Ibra non c'è (ancora) e già si nota che gli atleti rossoneri hanno capito che una certa aria sta cambiando. Intendiamoci, battere ieri sera il Paris Saint-Germain non era una Mission Impossible. Paradossalmente, è stato più difficile perdere il turno precedente contro i parigini, in quel modo, contro una squadra che non è un azzardo definire come quella donna descritta da Riccardo Cocciante nella sua "Bella senz'anima".

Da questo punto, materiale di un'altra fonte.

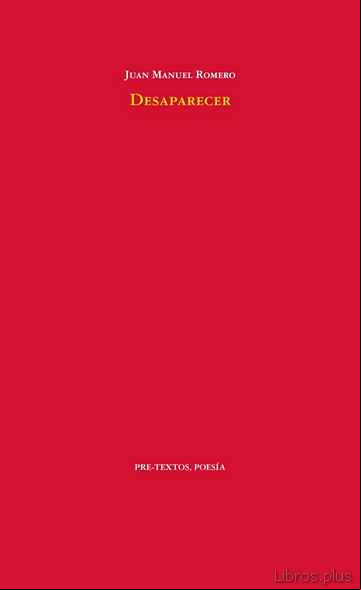 Descargar gratis ebook DESAPARECER en epub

Leao e Theo, insomma, hanno ribadito davanti a spettatori finalmente "indiavolati" che se si vuol vincere bisogna passare per l'asse di sinistra (che non è una riedizione dell'unione di Stati antagonisti agli Alleati nel Secondo Conflitto Mondiale). Dal 2019, anno in cui il francese è approdato in rossonero e qualche anno più tardi quando il portoghese si è preso con forza la titolarità in squadra, scalzando un certo Ante Rebic, il Milan ha con loro dei punti fermi a sinistra.

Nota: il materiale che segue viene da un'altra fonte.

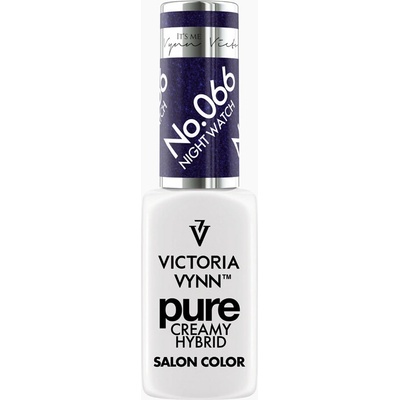 VICTORIA VYNN Hybridní gel lak PURE CREAMY HYBRID 066 Night Watch 8 ml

Le due Proprietà di questi ultimi anni non hanno potuto o saputo fare altrettanto per la catena di destra. Anzi, a volerla dire proprio tutta, quest'anno la dirigenza era convinta che con il nigeriano Samuel Chukwueze si fosse finalmente risolto ogni problema. Al momento, l'unico risultato è che a destra gioca Pulisic e che si è infortunato allo scadere del secondo tempo della partita con il PSG.

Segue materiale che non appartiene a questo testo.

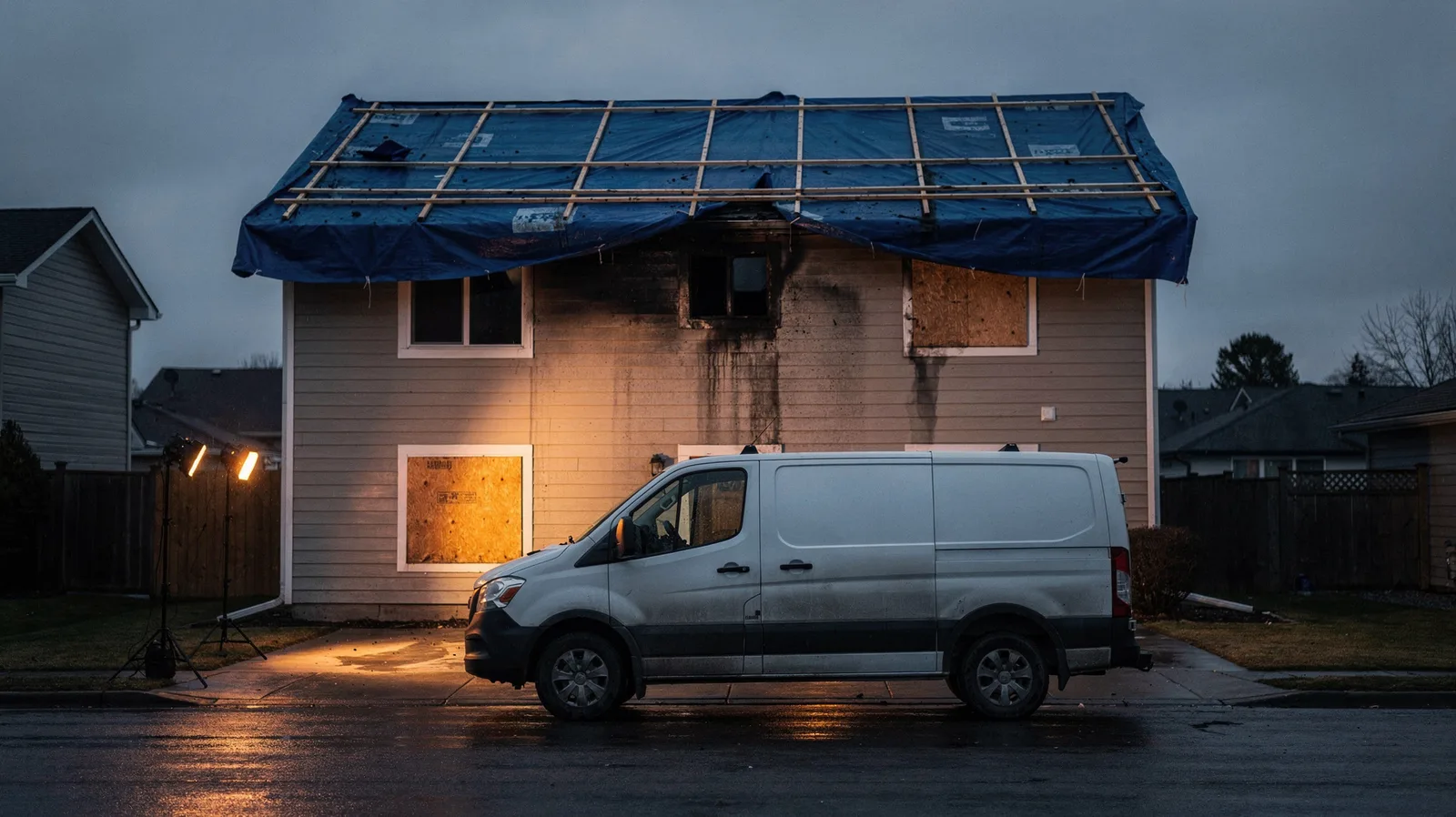 Fire Damage Restoration in Perry, ME near me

Chissà se un giorno i tifosi rossoneri potranno mai scoprire perché i calciatori della propria squadra vincono ogni anno per distacco lo scudetto dell'infermeria...

Leao e Theo, comunque, hanno ribadito, se mai ve ne fosse stato bisogno, che se si vuol vincere non si può prescindere da leader come loro, nello spogliatoio e nel campo. Non si vince in "uno" ma in "undici" e, sempre più spesso, anche in dodici, tredici, quattordici, eccetera.
Dale Carnegie, lo scrittore de "Come trattare gli altri e farseli amici", iniziò il suo splendido saggio sul modo migliore per stringere e consolidare i rapporti umani con un proverbio africano: "Se vuoi il miele, non prendi a calci l'alveare".
Leao e Theo, ma anche Giroud, autore di una prova atletica sontuosa contro i parigini, nonostante le sue TRENTASETTE primavere, hanno mostrato di essere delle api ...azzate come delle bestie.
Chi vuole assaggiare il loro miele è bene che continui a trattarli col dovuto rispetto se non vuole assaggiarne il pungiglione.